§ DATA SHOWN

____________________

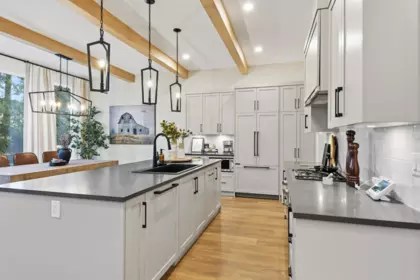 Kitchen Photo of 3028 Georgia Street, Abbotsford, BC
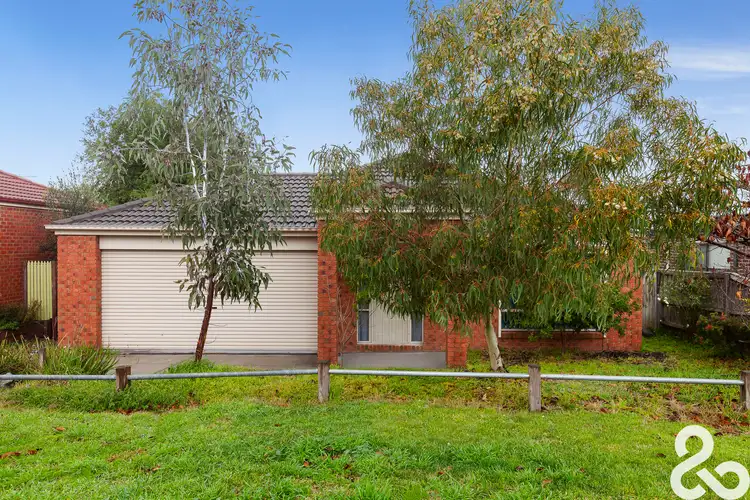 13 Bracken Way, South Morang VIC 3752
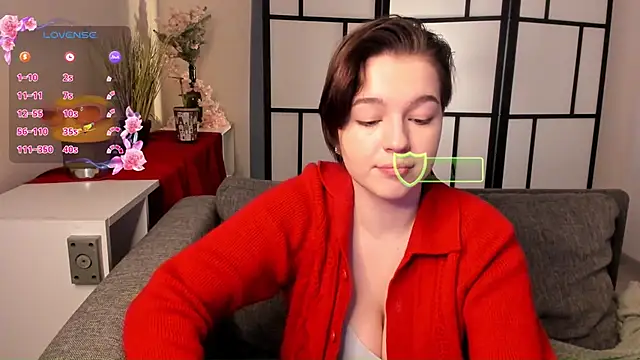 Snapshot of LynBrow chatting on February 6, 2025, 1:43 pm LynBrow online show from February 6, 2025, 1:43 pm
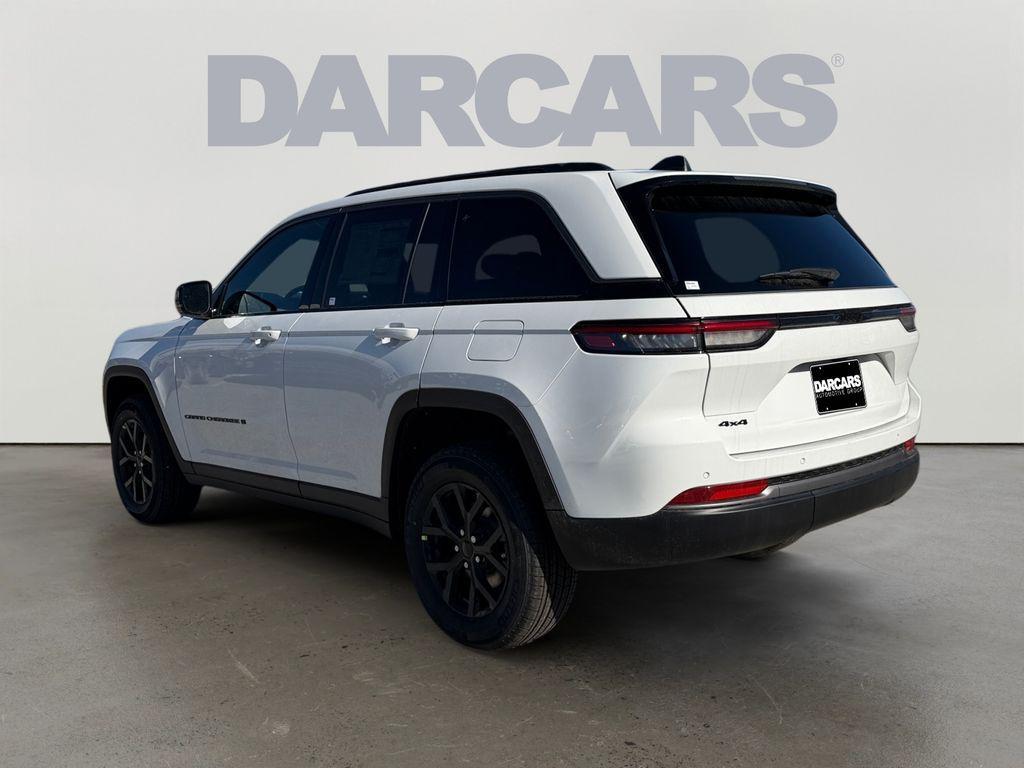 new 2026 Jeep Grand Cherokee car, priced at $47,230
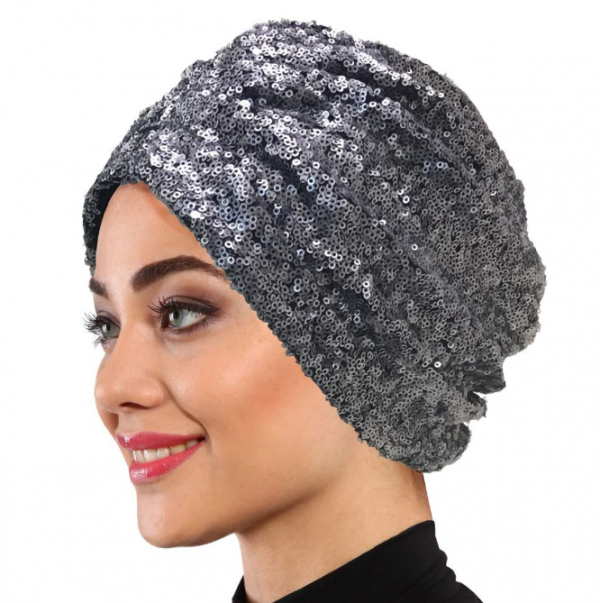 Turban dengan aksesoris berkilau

____________________

§ EXERCISE
Your task is to reproduce all of the material exactly. The pictures stay out.

§ OUTPUT OF THE EXERCISE
 Kitchen Photo of 3028 Georgia Street, Abbotsford, BC
 13 Bracken Way, South Morang VIC 3752
 Snapshot of LynBrow chatting on February 6, 2025, 1:43 pm LynBrow online show from February 6, 2025, 1:43 pm
 new 2026 Jeep Grand Cherokee car, priced at $47,230
 Turban dengan aksesoris berkilau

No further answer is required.